Размер шрифта
-
+

Дневник советской школьницы. Преодоление - стр. 70


‹18 марта 1934›

Не так давно я сказала Жене: «Можешь ли ты подать мне пузырек опиума, зная, что я отравлюсь?» «Почему же нет? Конечно, могу». «А я бы не смогла… Жень, ты серьезно говоришь?» «Конечно». «Так подашь мне?» «Подам, только сама достань опиум». «Идет. Хорошо, но только не обмани». После этого, нет-нет, да и вспомню о нашем разговоре. Надо отравиться, – говорю себе. Глупо жить, когда знаешь, что впереди не будет никаких изменений, что вся эта долгая жизнь будет, как сегодняшние и прошедшие дни, сплошным мучением, безысходной тоской о чем-то. Глупо и смешно так жить.

А как покончить с этой жизнью? Мне еще столько осталось сделать, мне еще так хочется пожить, и все мои желания связаны с этой жизнью. «Кончу ли я эту тетрадь к концу марта?» – думаю я, а через минуту опомнившись, говорю себе – «Ведь для тебя теперь уже не существует конца марта». Да, трудно умирать, когда еще не все счеты покончены в жизнью.
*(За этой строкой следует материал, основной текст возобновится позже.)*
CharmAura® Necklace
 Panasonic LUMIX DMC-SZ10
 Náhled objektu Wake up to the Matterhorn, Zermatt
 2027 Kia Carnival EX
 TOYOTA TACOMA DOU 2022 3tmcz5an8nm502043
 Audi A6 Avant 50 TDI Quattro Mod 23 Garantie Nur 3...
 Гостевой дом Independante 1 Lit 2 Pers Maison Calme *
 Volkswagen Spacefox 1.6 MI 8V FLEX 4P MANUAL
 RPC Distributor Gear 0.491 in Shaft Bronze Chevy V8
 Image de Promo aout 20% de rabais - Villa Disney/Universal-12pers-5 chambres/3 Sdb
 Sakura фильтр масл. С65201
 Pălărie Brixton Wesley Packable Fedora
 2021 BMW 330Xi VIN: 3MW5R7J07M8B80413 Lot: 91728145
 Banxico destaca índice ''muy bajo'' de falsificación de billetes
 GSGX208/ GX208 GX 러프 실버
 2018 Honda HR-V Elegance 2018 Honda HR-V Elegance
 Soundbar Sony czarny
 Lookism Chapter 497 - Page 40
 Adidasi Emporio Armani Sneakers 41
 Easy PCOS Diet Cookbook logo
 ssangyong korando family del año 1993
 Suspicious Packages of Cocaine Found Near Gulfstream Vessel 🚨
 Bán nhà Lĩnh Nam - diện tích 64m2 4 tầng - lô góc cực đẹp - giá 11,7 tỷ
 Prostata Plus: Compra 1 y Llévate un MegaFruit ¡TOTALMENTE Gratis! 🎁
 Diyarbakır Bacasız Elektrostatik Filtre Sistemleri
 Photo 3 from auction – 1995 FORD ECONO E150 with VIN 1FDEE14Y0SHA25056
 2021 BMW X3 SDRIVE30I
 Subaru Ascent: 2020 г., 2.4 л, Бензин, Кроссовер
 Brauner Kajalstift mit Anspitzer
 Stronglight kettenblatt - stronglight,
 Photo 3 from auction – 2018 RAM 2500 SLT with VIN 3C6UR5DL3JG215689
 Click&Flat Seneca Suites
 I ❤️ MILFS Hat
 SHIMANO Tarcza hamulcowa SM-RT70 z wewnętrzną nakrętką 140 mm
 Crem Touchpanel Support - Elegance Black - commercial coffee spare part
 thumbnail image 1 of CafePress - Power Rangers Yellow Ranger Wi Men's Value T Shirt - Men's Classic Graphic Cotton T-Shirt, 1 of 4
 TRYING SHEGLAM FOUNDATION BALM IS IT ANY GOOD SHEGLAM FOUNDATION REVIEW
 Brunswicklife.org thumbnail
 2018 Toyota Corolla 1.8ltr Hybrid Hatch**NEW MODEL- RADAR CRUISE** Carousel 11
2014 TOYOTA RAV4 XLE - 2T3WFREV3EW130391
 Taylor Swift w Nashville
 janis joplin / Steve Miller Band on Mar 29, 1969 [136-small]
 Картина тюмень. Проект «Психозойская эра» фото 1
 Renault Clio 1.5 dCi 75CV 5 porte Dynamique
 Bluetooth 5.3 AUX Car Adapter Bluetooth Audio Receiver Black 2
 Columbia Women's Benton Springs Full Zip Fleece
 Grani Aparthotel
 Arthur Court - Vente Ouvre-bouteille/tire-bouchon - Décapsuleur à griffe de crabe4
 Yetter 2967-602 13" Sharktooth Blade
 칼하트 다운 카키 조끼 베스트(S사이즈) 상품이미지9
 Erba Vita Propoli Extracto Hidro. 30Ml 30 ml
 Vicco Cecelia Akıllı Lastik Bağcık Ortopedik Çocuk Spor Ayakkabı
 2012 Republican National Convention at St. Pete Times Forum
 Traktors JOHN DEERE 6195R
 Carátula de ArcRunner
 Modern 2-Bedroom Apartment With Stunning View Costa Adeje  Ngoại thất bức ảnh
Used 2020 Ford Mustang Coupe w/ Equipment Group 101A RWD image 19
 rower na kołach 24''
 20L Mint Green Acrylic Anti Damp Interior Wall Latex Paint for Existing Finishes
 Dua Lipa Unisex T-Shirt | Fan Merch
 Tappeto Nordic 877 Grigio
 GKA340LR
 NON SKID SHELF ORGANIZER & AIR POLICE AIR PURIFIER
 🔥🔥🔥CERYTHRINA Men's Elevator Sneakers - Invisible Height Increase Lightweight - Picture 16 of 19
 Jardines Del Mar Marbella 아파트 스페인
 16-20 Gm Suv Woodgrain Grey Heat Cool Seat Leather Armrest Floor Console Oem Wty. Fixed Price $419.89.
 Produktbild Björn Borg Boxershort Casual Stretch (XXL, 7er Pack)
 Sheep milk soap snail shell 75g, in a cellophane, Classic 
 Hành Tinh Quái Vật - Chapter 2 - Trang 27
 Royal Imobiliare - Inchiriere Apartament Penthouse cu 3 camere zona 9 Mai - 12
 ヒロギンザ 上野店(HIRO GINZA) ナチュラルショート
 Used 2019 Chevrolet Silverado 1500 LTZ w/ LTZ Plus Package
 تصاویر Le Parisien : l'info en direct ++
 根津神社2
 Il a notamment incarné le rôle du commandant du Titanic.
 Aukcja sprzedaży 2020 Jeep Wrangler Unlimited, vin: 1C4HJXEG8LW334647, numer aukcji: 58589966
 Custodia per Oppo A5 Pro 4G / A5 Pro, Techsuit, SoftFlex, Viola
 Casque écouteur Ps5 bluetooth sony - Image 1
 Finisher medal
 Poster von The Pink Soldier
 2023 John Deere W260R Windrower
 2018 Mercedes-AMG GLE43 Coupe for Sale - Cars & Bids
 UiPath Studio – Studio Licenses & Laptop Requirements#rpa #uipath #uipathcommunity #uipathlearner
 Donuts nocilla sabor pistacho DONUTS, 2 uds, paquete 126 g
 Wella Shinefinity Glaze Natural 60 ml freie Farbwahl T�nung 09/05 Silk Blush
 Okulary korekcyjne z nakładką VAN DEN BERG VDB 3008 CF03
А перебороть себя надо, довольно я уже пожила и узнала все, а, не сделав это теперь… как пожалею я потом.

Сейчас мама крикнула мне: «Не пиши много, а то глаза заболят». А что мне, на что они мне нужны теперь. Но зачем же я делала операцию? Ах, да ведь я думала понравиться! Но нет, мне не повезло и тут. Сегодня, когда смотрела на девочек, с трудом старалась сделать глаза прямыми, и особенно невыносимо было чувствовать, что один из них смотрит в сторону. Сейчас подошла к зеркалу и долго смотрела на себя: «Нет, все такая же! Умереть пора… Довольно, довольно». А умирать не хочется. Смогу ли я перебороть себя в последний и решительный раз. Надо сходить за опиумом к бабушке. Пойду-ка сейчас… Эх, как трудно…


‹21 марта 1934›

В этот день я не отравилась. Почему? Ведь я пошла за опиумом к бабушке, но спросить у нее не удалось по некоторым обстоятельствам. В сущности, я бы уже не отравилась, если б даже и взяла его, я это чувствовала и шла туда только затем, чтобы оправдать себя в собственных глазах. Все равно я бы не отравилась, я еще слишком хочу жить.

Но собираясь умирать, мне надо подумать об участи моего дневника. Что будет с ним? Понятно, не найдя никакой записки, все бросятся к нему, как к единственной разгадке столь странного поступка, начнут читать его, судить и рядить. И знаю я, сколько улыбок и усмешек вызовет мое самое сокровенное, то, что я прятала ото всех и любила по-своему, то, что доставляло мне так много мук. Не дай бог, если мой дневник попадет под папину критику. И хоть я и умру, а неприятно все же знать, что тебя начнут хулить, называть глупой, ограниченной девчонкой, сентиментальной мечтательницей и хандрой. Все это может и правда, но они не поймут меня, не поймут моей тоски, не поймут, что я хоть и из-за пустяков, но страдала по-настоящему, как не всякий из них страдал. И спустя десять-пятнадцать лет сестры будут рассказывать своим детям с чуть презрительным сожалением о странной своей сестре Нине.